Tal era el cordón umbilical que después de la crisis de Suez y de la inestabilidad en Oriente Medio, había inducido a construir superpetroleros capaces de transportar en un solo viaje dos millones de barriles de crudo a bordo siguiendo esa ruta. Solamente el tránsito de estos navíos a lo largo de era “ruta” garantizaba que las fábricas de Europa Occidental y la propia civilización pudieran progresar…
Gorshkov
entendió que no era necesario entrar en conflicto directo y “caliente” para
vencer, sino que bastaba con que la URSS mejorara sus posiciones a lo largo de
la “ruta del petróleo” para chantajear (o, en palabras, más correctas,
“condicionar”) a los países occidentales. Ante la amenaza de que, por algún
punto, se interrumpiera la “ruta del petróleo”, Europa Occidental no podía
hacer otra cosa, simplemente, que capitular. Pero, para interrumpir esa
ruta se precisaban dos condiciones: de un lado, una flota de altura capaz de
intervenir en los teatros más alejados, de otro, una serie de gobiernos amigos
en los países próximos a la misma.
Leónid Brezhnev
aceptó el plan e hizo algo más: lo implementó poniendo al frente de la
renovación de la flota soviética al propio Gorshkov. El resto de la estrategia
(con la creación de gobiernos amigos y bases militares, a menudo encubiertas
como “factorías pesqueras”) corría a cargo del KGB. Y ambos trabajaron a buen
ritmo.
Teniendo en cuenta este dato puede entenderse lo que ocurrió desde finales de los 60 hasta que se entró en la última fase de la Guerra Fría durante el reaganismo. Una de las palabras más repetidas en aquellos momentos fue “descolonización”. Y con la excusa de la descolonización, la URSS se aprestó a generar gobiernos amigos especialmente en las colonias portuguesas de África: no fue por casualidad, ni siquiera por afinidad ideológica, que apoyaran en esa época a movimientos antiportugueses en Angola, Mozambique o Guinea.
En Sudáfrica,
el país era independiente pero estaba dirigido por una minoría blanca, así
pues, allí la excusa sería la “lucha contra el apartheid” y el instrumento fue
el Congreso Nacional Africano, como en las colonias portuguesas era el
Partido para la Independencia de Guinea y Cabo Verde, el Movimiento Popular
para la Liberación de Angola o en Frente de Liberación de Mozambique, todos
ellos fieles a las orientaciones del KGB y, ayudados, directamente, además
por asesores militares germano orientales y tropas cubanas.
En la zona del
“Cuerno de África” (Somalia, Etiopía y Eritrea), países que, con el Yemen, cierran
el estrecho de Bad el–Mandeb que comunica el golfo de Adén con el mar Rojo y
constituye el otro paso estratégico de la zona junto a Suez, aumentó la
desestabilización a partir de mediados de los años 70. En 1974 se abolió la
monarquía del Negus Haile Selasie en Etiopía y el país pasó a ser una
“república popular”. En 1977 el teniente coronel Mengistu Haile Marian dio un
golpe de Estado que alineó definitivamente el país con la URSS, pero al año
siguiente, los somalíes invadieron su territorio y solamente la llegada de
“fuerzas internacionalistas” reclutadas por Cuba logró contener la situación.

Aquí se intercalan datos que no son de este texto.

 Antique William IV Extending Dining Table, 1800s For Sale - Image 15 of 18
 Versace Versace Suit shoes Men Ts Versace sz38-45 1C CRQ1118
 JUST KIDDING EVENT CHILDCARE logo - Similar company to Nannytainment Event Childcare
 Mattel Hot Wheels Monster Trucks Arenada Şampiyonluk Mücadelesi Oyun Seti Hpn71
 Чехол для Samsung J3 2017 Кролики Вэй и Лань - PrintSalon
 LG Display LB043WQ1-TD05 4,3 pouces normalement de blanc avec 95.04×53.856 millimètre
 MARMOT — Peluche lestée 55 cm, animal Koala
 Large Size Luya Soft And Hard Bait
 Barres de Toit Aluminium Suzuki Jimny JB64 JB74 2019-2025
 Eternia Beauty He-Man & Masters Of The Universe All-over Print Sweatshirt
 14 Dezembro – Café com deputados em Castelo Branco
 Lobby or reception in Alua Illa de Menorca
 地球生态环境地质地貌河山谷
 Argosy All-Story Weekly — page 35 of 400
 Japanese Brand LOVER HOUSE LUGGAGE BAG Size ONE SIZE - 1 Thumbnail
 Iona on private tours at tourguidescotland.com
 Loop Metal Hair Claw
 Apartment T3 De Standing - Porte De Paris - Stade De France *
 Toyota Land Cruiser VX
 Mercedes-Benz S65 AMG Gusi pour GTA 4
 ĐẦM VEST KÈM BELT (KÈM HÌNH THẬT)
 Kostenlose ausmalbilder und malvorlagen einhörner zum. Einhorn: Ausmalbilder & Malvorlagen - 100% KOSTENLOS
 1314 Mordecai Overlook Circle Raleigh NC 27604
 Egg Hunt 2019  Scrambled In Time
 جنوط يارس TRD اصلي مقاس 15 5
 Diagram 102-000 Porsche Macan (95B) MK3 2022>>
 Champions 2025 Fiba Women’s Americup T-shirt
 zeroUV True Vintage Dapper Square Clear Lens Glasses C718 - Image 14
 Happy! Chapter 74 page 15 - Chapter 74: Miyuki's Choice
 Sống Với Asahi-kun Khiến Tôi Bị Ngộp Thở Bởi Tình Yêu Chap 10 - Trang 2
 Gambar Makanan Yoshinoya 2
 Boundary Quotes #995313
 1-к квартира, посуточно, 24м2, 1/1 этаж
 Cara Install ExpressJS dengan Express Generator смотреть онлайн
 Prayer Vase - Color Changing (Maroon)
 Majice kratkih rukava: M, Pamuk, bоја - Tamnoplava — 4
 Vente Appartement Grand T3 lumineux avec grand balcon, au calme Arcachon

Mengistu permaneció en el poder hasta 1989 cuando la URSS ya no estaba en
condiciones de prestarle más apoyo. En cuanto a Somalia, tras la salida de los
británicos, el país quedó en manos de un gobierno prosoviético que solamente
dejó de serlo cuando se hizo evidente que la URSS apoyaba a su enemigo
geopolítico, Etiopía. Desde entonces la zona vive en un estado de inseguridad
permanente y de ausencia de cualquier cosa que se parezca a un Estado.
Otro tanto
ocurrió en las costas del Shäel y en los países situados desde ahí hasta el
golfo de Guinea. Un rosario de guerras civiles, golpes de Estado, e
inestabilidad congénita se extendió por toda la zona: en Mauritania estallaron
conflictos tribales a mediados de los 80 que alcanzaron su máximo auge en 1989
para luego remitir; en Senegal apareció un movimiento separatista en la región
de Casamance que ha llevado a esa zona a la guerra civil con especial violencia
en 1982; por lo demás, la unión proyectada con Gambia nunca se llevó a cabo.
Guinea–Konakry estuvo dirigida por un régimen corrupto dirigido por Seku Touré
hasta 1984, inicialmente marxista y luego un peón de la política francesa en
África. Sierra Leona se vio arrasada por una guerra civil que se prolongó hasta
2002 y sumió al país en continuas hambrunas, epidemias y calamidades. Otro
tanto ocurrió en Liberia. Costa de Marfil, por su parte, inició su guerra civil
a finales de los 80 que se reavivó en varias ocasiones hasta 2010. En Ghana,
Togo, Benin, Nigenia, Camerún, Guinea Ecuatorial y Congo, la situación no era
muy diferente: satrapías dictatoriales corruptas situadas dentro de la órbita
francesa durante la Guerra Fría. En estos países, a los soviéticos les fue
fácil adquirir “factorías pesqueras” que, de hecho, eran base para buques
espías.
En el Magreb,
la URSS había encontrado un aliado en la Argelia descolonizada por Francia y
que se orientó hacia el socialismo tímidamente durante el período de Ben Bella
inmediatamente posterior a la independencia, y radicalmente cuando estuvo en
manos de su sucesor, Houari Boumedian. Mientras Francia trataba por todos
los medios de conservar su influencia en la región, colaborando estrechamente
con la monarquía marroquí y con el gobierno tunecino, en Libia, el coronel Ghadafi
llegó al poder en 1969, con ideas neutralistas y una curiosa mezcla de
panarabismo e islamismo. Su intento de mantener hasta el final la equidistancia
entre los EEUU, Francia y la URSS, le costó lo suficientemente caro: a
diferencia del gobierno sirio que está siendo defendido a capa y espada por
Rusia (en la medida en que siempre consideró a la URSS primero y a Rusia
después, como aliado), Ghadafi fue abandonado a su suerte cuando Francia y
EEUU, instigaron la guerra civil que terminó con el régimen en 2011.